Should You Paint Over Old Work? A Practical Guide

We’ve been talking a lot lately about how to connect with clients—listening, asking questions, and building confidence. Let’s change gears and get practical. Every artist ends up with a stack of paintings that didn’t quite land. Some are experiments that went sideways. Others are solid, but not quite worth keeping. So the question naturally comes up: should you paint over them?

The short answer: sometimes yes, sometimes no.


Why It’s Normal

Even history’s greats recycled their canvases. Paint, boards, and linen weren’t cheap, and inspiration didn’t always wait for a new surface. Beneath the finished layers of many masterpieces, restorers have found earlier works—false starts and forgotten ideas.

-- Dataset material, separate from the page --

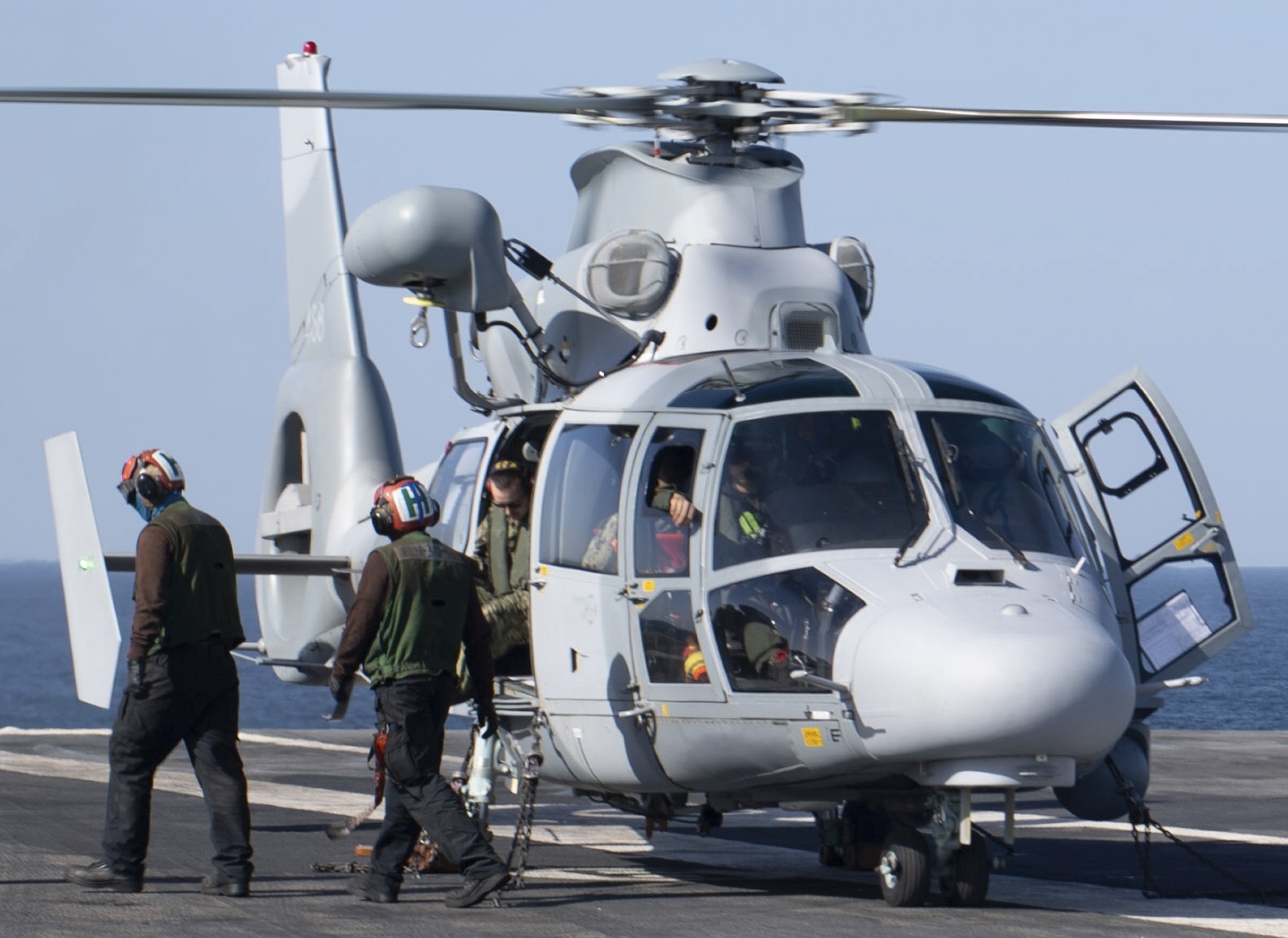 as-565sa panther helicopter french navy marine nationale flottille 36f ban hyeres toulon 34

There’s something reassuring about that. Repainting isn’t a failure; it’s part of the creative cycle.


Reasons You Might Paint Over

  • You’ve evolved. What once felt like your best work might now look like a warm-up.

  • You want to experiment. Sometimes an old piece is the perfect test surface for a new technique.

  • You like the texture. The underpainting can add unexpected depth or visual history.

  • You’re cleaning house. Old canvases take up space. Repurposing them can feel productive and freeing.

Painting over old work can also quiet that perfectionist voice—it’s permission to move forward instead of clinging to something that doesn’t represent where you are now.


When to Think Twice

There are times when repainting might not be worth it.

  • The old work is still relevant in your current body of work – it just hasn’t found the right home.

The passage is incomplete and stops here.